Hackers attempt to knock Israeli out of Eurovision song contest

Anti-Israel hackers launch cyber attacks in bid to block votes for Israeli contestant at annual Eurovision music contest.

Arutz Sheva Staff,

Netta Barzilai
Netta Barzilai
REUTERS

Anti-Israel hackers have set their sights on an Israeli contestant for an international music competition, hoping to block fans from voting for the singer by overloading online applications which count votes for the singer.

Last week, Boycott, Divestment and Sanctions activists launched a campaign aimed at barring Netta Barzilai, Israel’s contestant at the Eurovision, from advancing to the finals.

Dubbed the “Eurovision Boycott of Israel” and using the hashtag “#ZeroPointsIsrael”, the campaign called on music fans not to vote for Barzilai, claiming that a vote for the Israeli singer would be seen as a sign of support for the State of Israel.

“If you live in one of the participating countries, take care to participate in the televoting and give Israeli Apartheid zero points – and ask your friends and family and anyone you know to do the same. If the Israeli song is eliminated already at the semi-finals – well and good, nothing further should be done. If the song does get into the finals on 13 May, then the effort should be repeated and redoubled,” the campaign urged.

Despite the campaign, however, Barzilai advanced Tuesday night to the finals, slated for Saturday evening in Lisbon.

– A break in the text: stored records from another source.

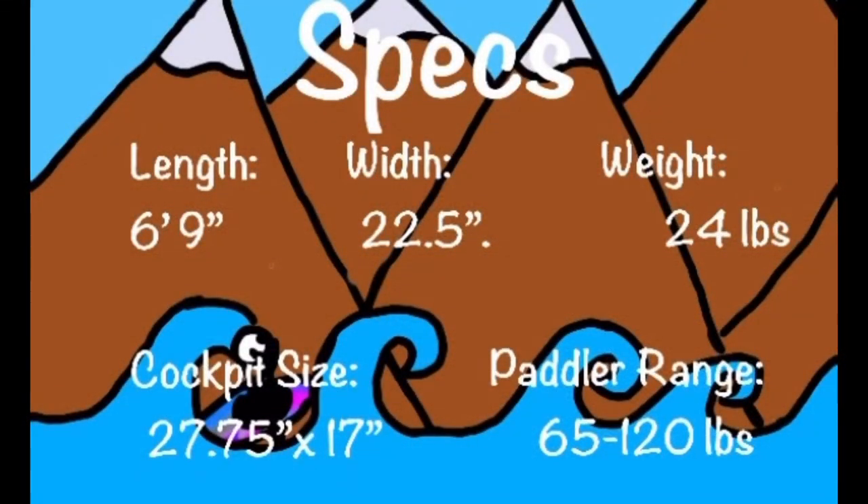The next thing we're going to go over is the specs. The length is six feet and nine inches. The width is 22.5 inches. The weight is 24 pounds. The cockpit size is 27.75 inches by 17 inches, and the paddler range is 65 to 120 pounds.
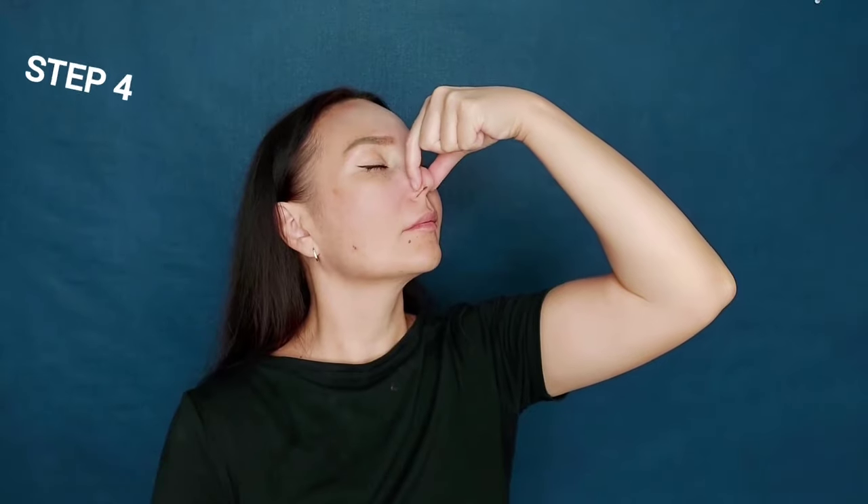Step 4. With two fingers we narrow the nose — we focus on the tip of the nose. Again, don't push too hard, as that will on the contrary provoke swelling. Do this for 50 to 60 seconds.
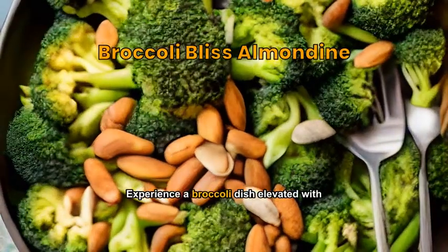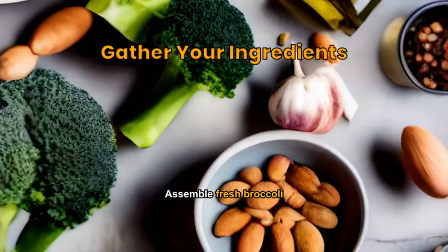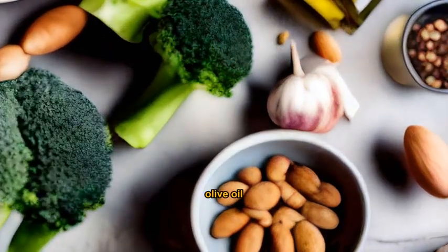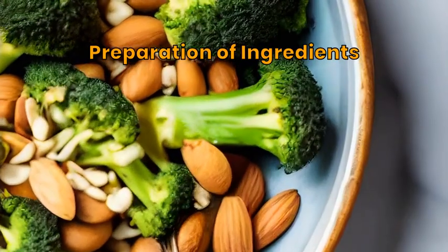Experience a broccoli dish elevated with roasted almonds and lemon zest. Assemble fresh broccoli, almonds, lemon, olive oil, garlic, and seasonings. Chop the broccoli, roast the almonds, zest and juice the lemon, and mince the garlic.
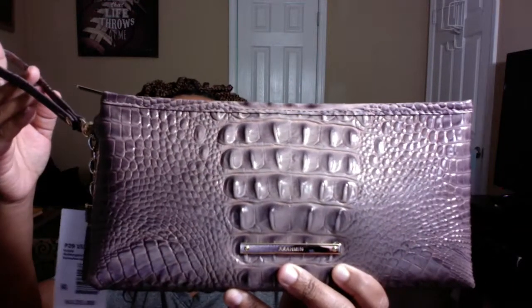I'm sorry guys, I've already opened it up. Anyway, so what I got was a clutch — the little wristlet clutch. You guys can see that. This is called the Kayla Aubergine, A-U-B-E-R-G-I-N-E, Melbourne Genuine Leather.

In addition to Israel, the other countries that qualified on Tuesday were Austria, Estonia, Cyprus, Lithuania, the Czech Republic, Bulgaria, Albania, Finland and Ireland.

But efforts to derail Barzilai’s bid at the Eurovision were not limited to calls for a boycott.

Hackers launched cyber-attacks on Barzilai’s cell phone application used to reach out to fans and provide them with a link to vote for the Israeli contestant. The hackers flooded the app system with a sudden wave of traffic, in an attempt to crash the system with a denial of service attack.

Anti-Israel social media users also flooded Barzilai’s Facebook and Twitter accounts with hostile or defamatory messages, forcing the closure of the two pages to users outside of Israel.

“The company’s tech team, with the help of information security companies, attempted to bring the systems which had been affected back online,” said Gil Rabbi, CEO of Rabbi Interactive Agency (RIA), which promoted Barzilai’s bid online.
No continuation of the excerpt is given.